Background: Continuous peripheral nerve blocks (CPNBs) are increasingly used to control postoperative and chronic pain. At our pediatric oncology institution, the duration of CPNBs is often prolonged. The risk of catheterassociated infection with prolonged CPNBs has not been previously investigated. Aim: We analyzed the incidence of CPNB-related infection and its relation to catheter duration, catheter site, intensive care stay, and antibiotic coverage. Methods: All CPNBs placed at our institution between August 1, 2005 and October 31, 2010 were studied. Primary diagnosis and the site, indication, duration, and infectious adverse effects of CPNBs were obtained from our Pain Service QI database. Patients' age and sex, antibiotic administration, and number of days in intensive care were collected from patients' medical records. Results: The use of 179 catheters in 116 patients was evaluated.
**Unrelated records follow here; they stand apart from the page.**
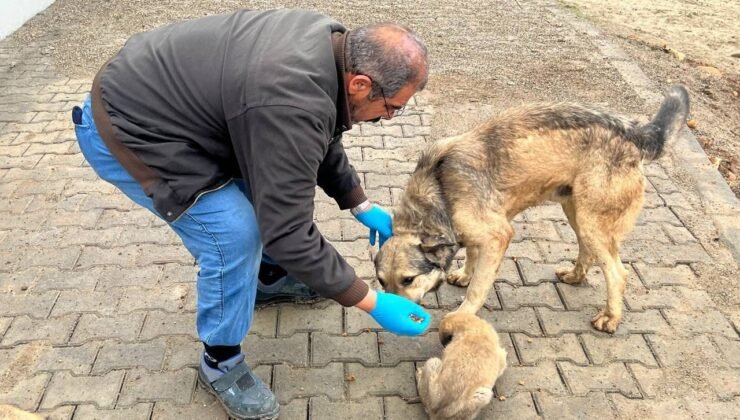 Yemek artıkları mamaya dönüşüyor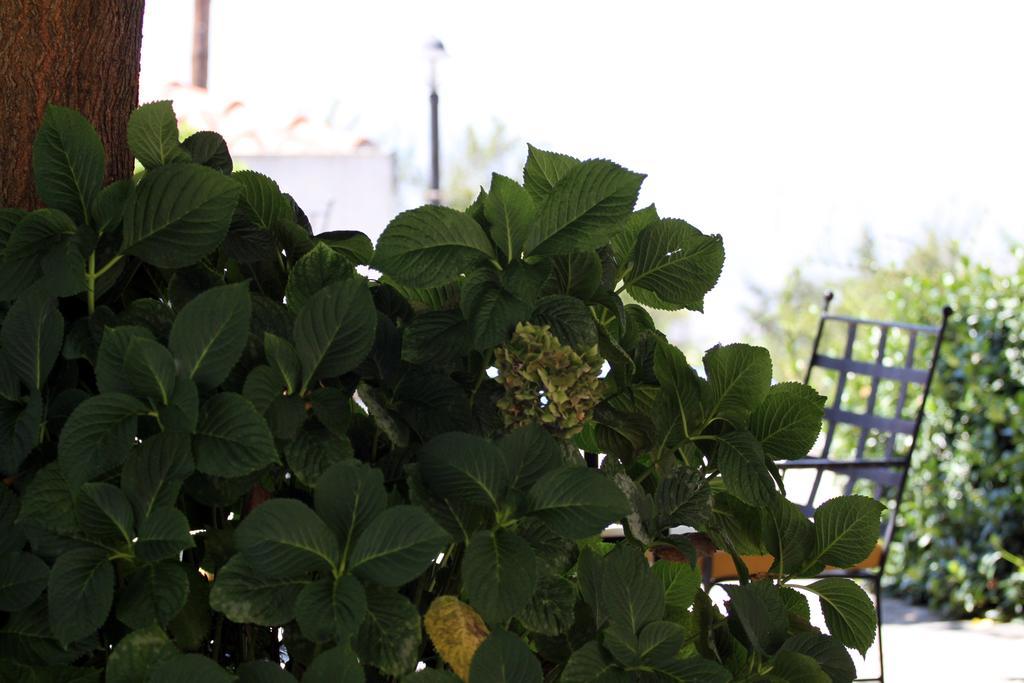 Guest house Kolenti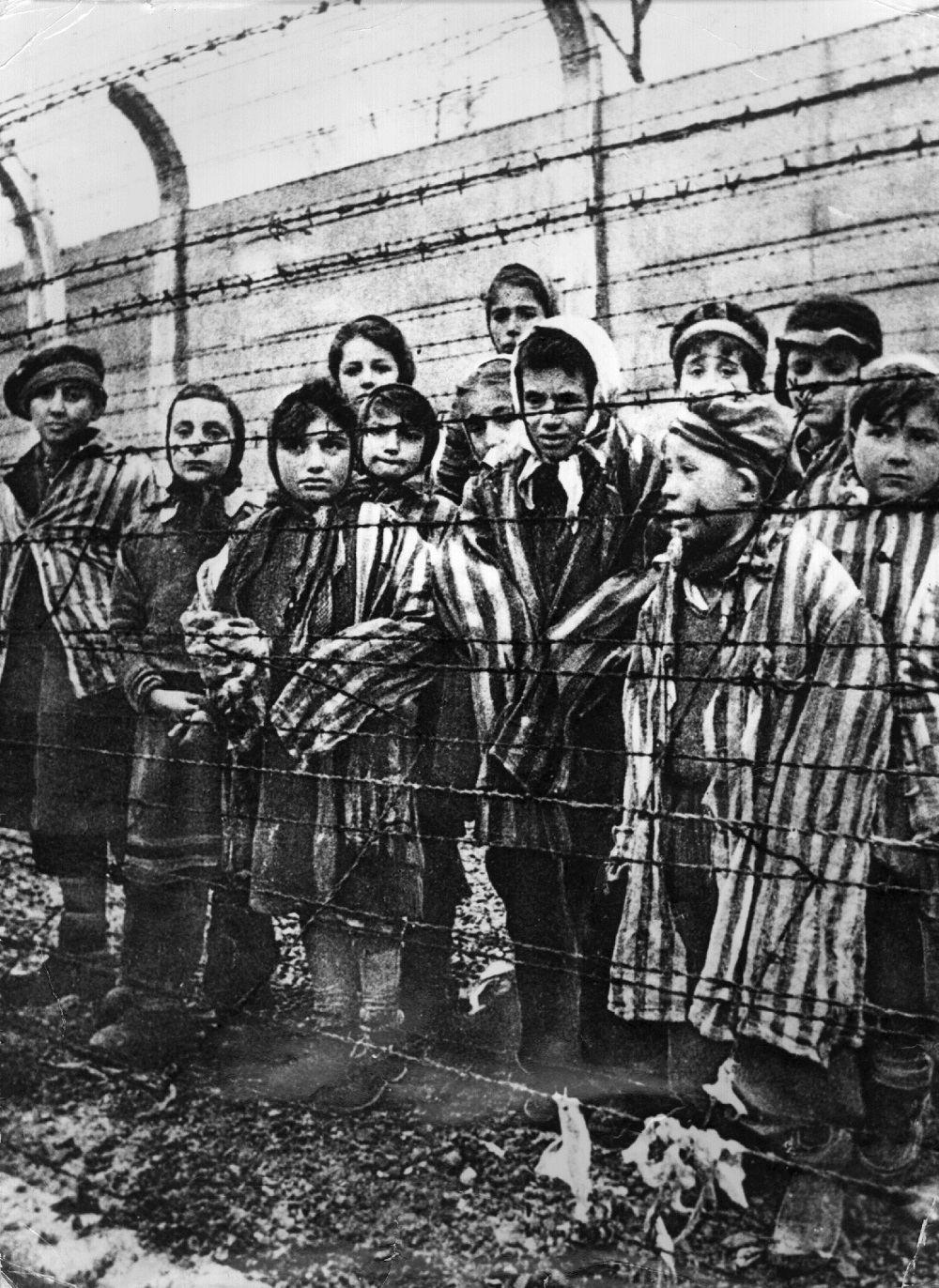 Auschwitz Children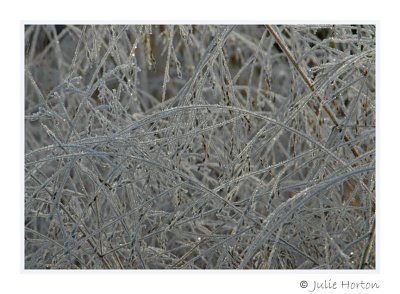 Frost Abstract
Mean age at CPNB placement was 15.1 years (median, 14.7; range, 0.4-26.9). The most frequent indication for CPNB was surgery (89.4%), most commonly orthopedic (78.8%). Mean CPNB duration was 7.2 days (median, 5.0; range, 1-81 days). Two cases (1.12%) of CPNBs developed signs of infection, both associated with femoral catheters. The infections were mild and necessitated catheter removal at days 10 and 13, respectively. Conclusion: Nerve block catheter-associated infections are infrequent at our institution despite prolonged CPNB use. Both patients with infection had femoral catheters and prolonged catheter (≥10 days) use.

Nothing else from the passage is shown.